July 16, 2006

  • Mathematics and Narrative
    continued...

    "Now, at the urging of the UC Berkeley cognitive linguist George Lakoff,
    liberal America's guru of the moment, progressive Democrats are
    practicing to get their own reluctant mouths around some magical new
    vocabulary, in the hope of surviving and eventually overcoming the age
    of Bush."

    -- Marc Cooper in The Atlantic Monthly, April 2005, "Thinking of Jackasses: The Grand Delusions of the Democratic Party"

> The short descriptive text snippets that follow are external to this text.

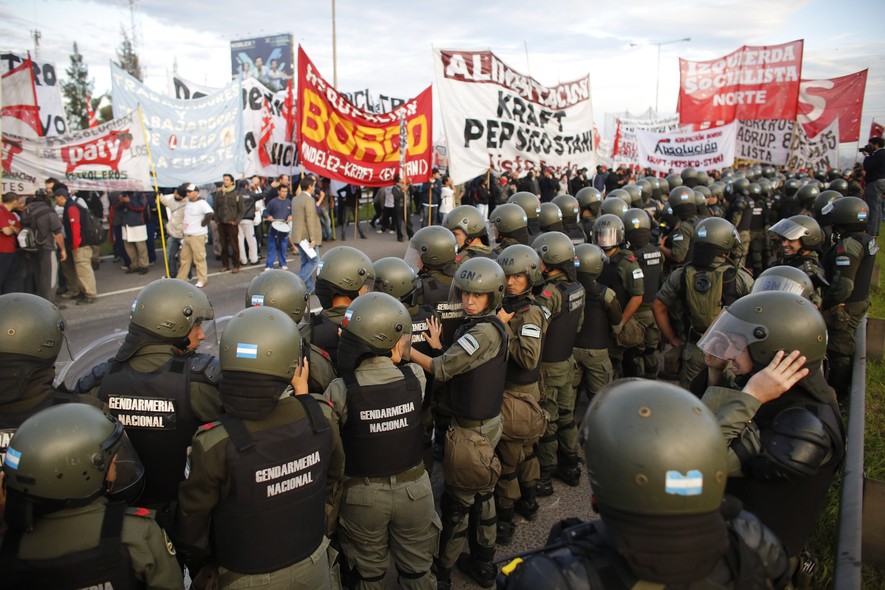 Policiais diante de manifestantes que bloquearam a rodovia Panamericana, via de acesso a Buenos Aires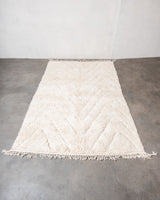 Modern, designer, handcrafted Berber rug from Morocco. Beniourain carpet with beautiful colours and patterns and fluffy wool texture.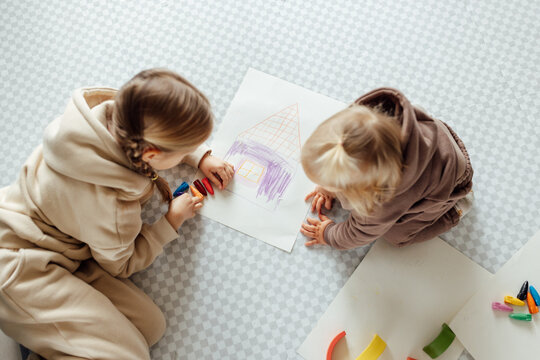 Little caucasian siblings drawing together on floor in living room at home. Happy girl eight years old and her baby sister painting with crayons. Art and crafts for toddler and preschooler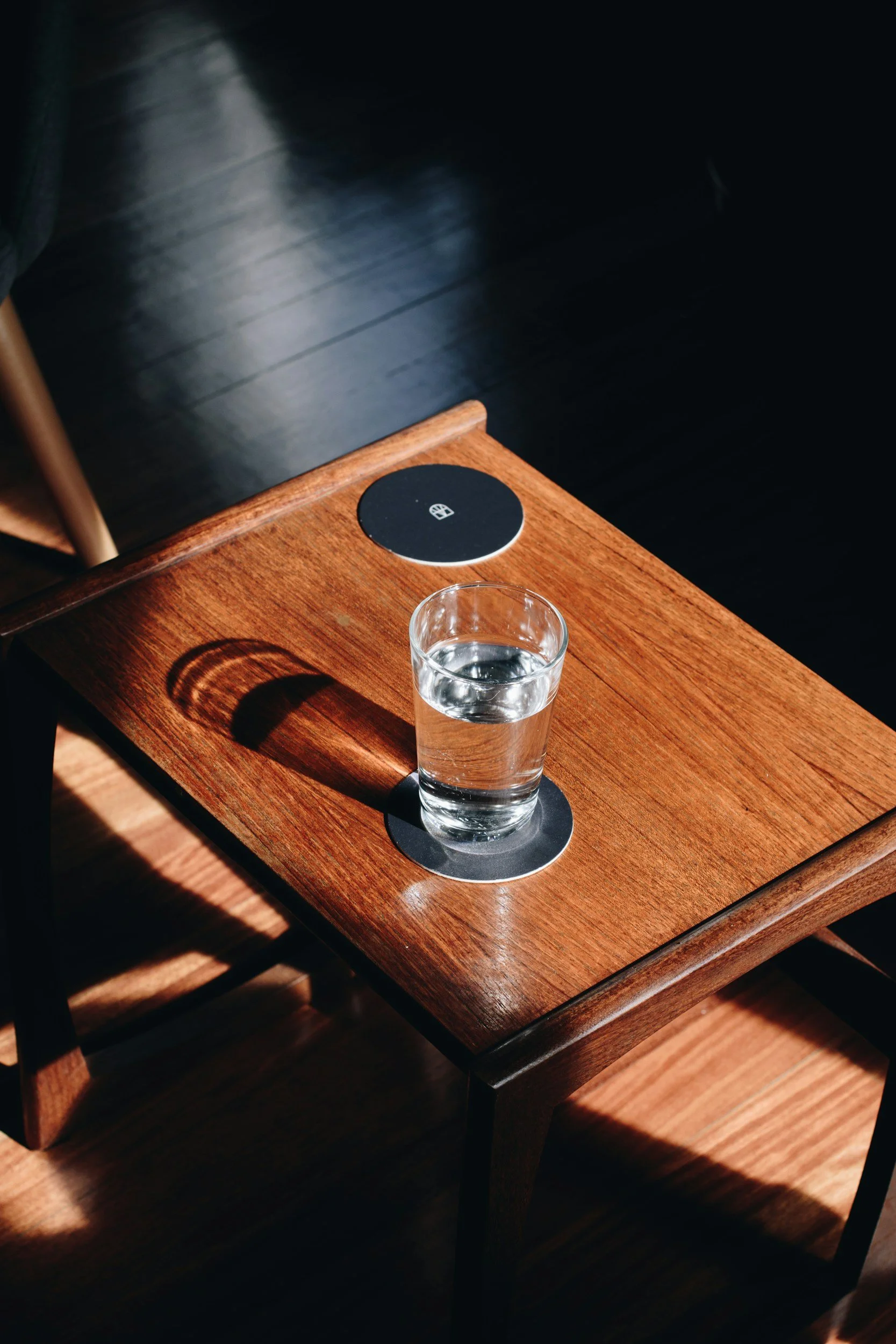 A glass of water on a wooden table with a black circular wireless charging pad nearby, casting a shadow on the surface.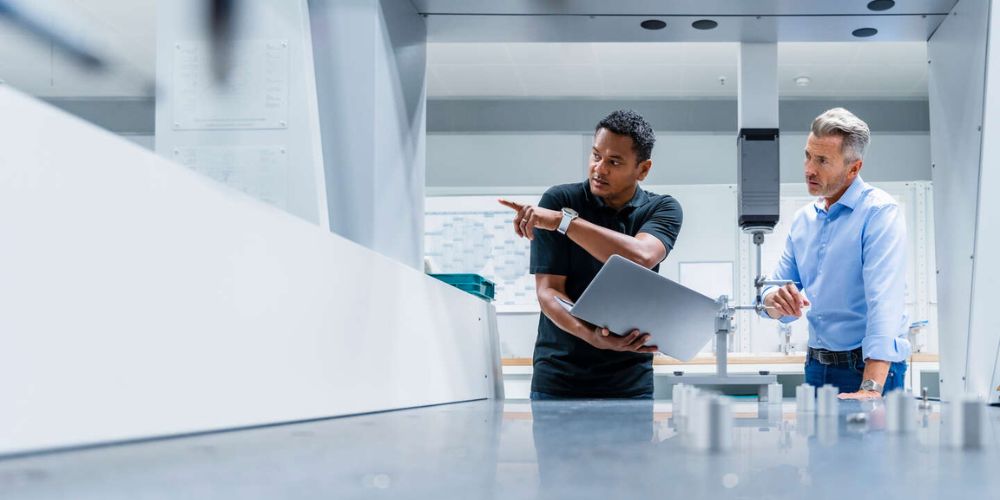 Ingenieur met laptop, aangewezen door een zakenman in een fabriek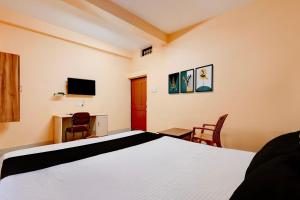 a bedroom with a bed and a desk and a television at Hotel O Snow White in Bhadrak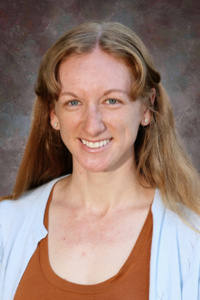 A smiling woman with long, wavy hair, wearing a light blue cardigan over a brown top, against a textured background.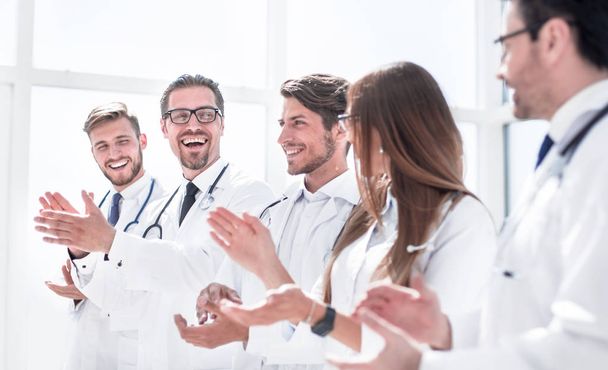 group of successful doctors applauds - Фото, изображение
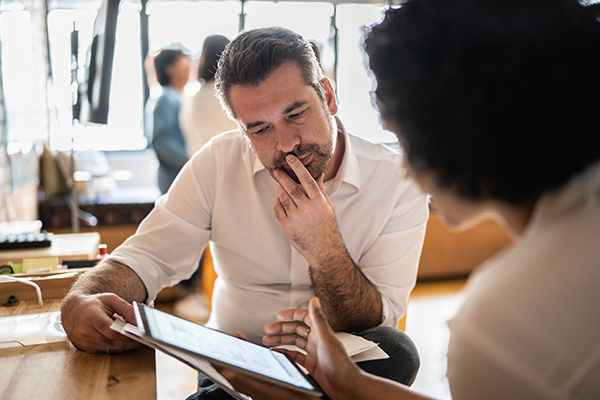 Image: Two people reviewing a document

    Cooper's "now" is apparently still valid. In today's New York Times, the leftist Stanley Fish reviews Talking Right, by leftist Geoffrey Nunberg:

    "... the right's language is now the default language for everyone.
         On the way to proposing a counterstrategy (it
    never really arrives), Nunberg pauses to engage in a polite
    disagreement with his fellow linguist George Lakoff, who has provided a
    rival account of the conservative ascendancy. Lakoff argues that
    Republicans have articulated-- first for themselves and then for
    others-- a conceptual framework that allows them to unite apparently
    disparate issues in a single coherent worldview ...  woven
    together not in a philosophically consistent framework but in a
    narrative 'that creates an illusion of coherence.'
         Once again, the Republicans have such a
    narrative-- 'declining patriotism and moral standards, the out-of-touch
    media and the self-righteous liberal elite ... minorities demanding
    special privileges ... disrespect for religious faith, a swollen
    government'-- but 'Democrats and liberals have not offered compelling
    narratives that could compete' with it. Eighty pages later he is still
    saying the same thing. 'The Democrats need a compelling narrative of
    their own.'"

    Lakoff is the co-author of a book on the philosophy of mathematics, Where Mathematics Comes From: How the Embodied Mind Brings Mathematics into Being.  From Wikipedia's article on Lakoff:

    "According to Lakoff, even mathematics itself is subjective to the
    human species and its cultures: thus 'any question of math's being
    inherent in physical reality is moot, since there is no way to know
    whether or not it is.' Lakoff and Rafael E. Nunez (2000) argue at
    length that mathematical and philosophical ideas are best understood in
    light of the embodied mind. The philosophy of mathematics ought
    therefore to look to the current scientific understanding of the human
    body as a foundation ontology, and abandon self-referential attempts to
    ground the operational components of mathematics in anything other than
    'meat.'"

    For a long list of related leftist philosophy, see The Thinking Meat Project.

    Democrats seeking narratives may also consult The Carlin Code and The Prime Cut Gospel.